Calculate Thread index with Grid dim and Block dim

Hello,

i am a great newbie with Cuda and i will start soon my first tests using pycuda with a Jetson Nano.

I need your help to clarify an important point : how calculating Thread index

My tests will be very simple. Mainly, i will make calculus on monochrome image (that is to say a matrix), probably 1 dimension matrix (maybe 2 dimension matrix).

From what i have understand (maybe) :

Jetson Nano gets 128 Cuda cores with single GPU.
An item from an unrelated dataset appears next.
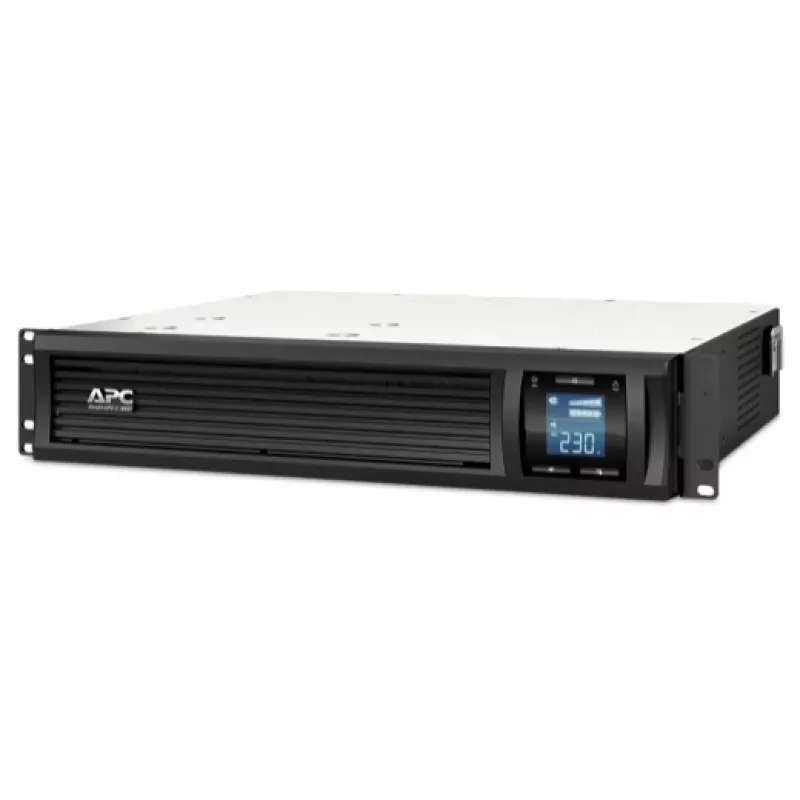 APC Smart-UPS C, Line Interactive, 3kVA, rackmount 2U, 230V, 8x salidas IEC C13+1x IEC C19, comunicación USB y serie, AVR, LCD gráfica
Maximum number of threads per multiprocessor : 2048

That is to say maximum threads number will be 2048.

Then, i got to choose :
Number of blocks (one or 2 dimensions)
Number of threads per block (warp size is 32 so i must choose 32, 64, 128 etc. threads per block)

As i will first work on one dimension array (image), i have to calculate idx.

If i choose 1 block and N threads per block :
unsigned int idx = threadIdx.x

If i choose M blocks one dimension (M,1) and N threads per block :
unsigned int idx = threadIdx.x + blockIdx.x * blockDim.x

If i want to work with a 2 dimensions grid :
unsigned int idx = threadIdx.x + blockIdx.x * blockDim.x
unsigned int idy = threadIdx.y + blockIdx.y * blockDim.y

Are those things correct or not ?

Many thx for your help

Alain

mostly correct.

Number of threads per block (warp size is 32 so i should choose 32, 64, 128 etc. threads per block)

Yes

You can choose 2048 but you can also choose a number higher than 2048, and it will work fine.

Hello Robert,

many thanks for your reply.

Cuda is really interesting. I used to think “CPU” and “GPU” thinking is quite different but it will brings me very new opportunities.

I think i will be back very often to ask newbie questions !

Have a nice day.

Alain

I’m back !

My first pycuda program works great. Champagne !

Profit!

If we want to run the Nano as efficiently as possible, should we aim to run 2048 threads exactly (i.e. 2 blocks of 1024 threads each)?

Run timing tests to see how the performance varies. They should provide you with an answer. Preferably the test should be with your program or one similar to it because the answer will likely depend on the nature of your problem and what its limiting factors are.

Okay, I’ll do some tests.

I assumed 1024 was best since that was what the official sample code used, however the specs say 2048 threads is possible.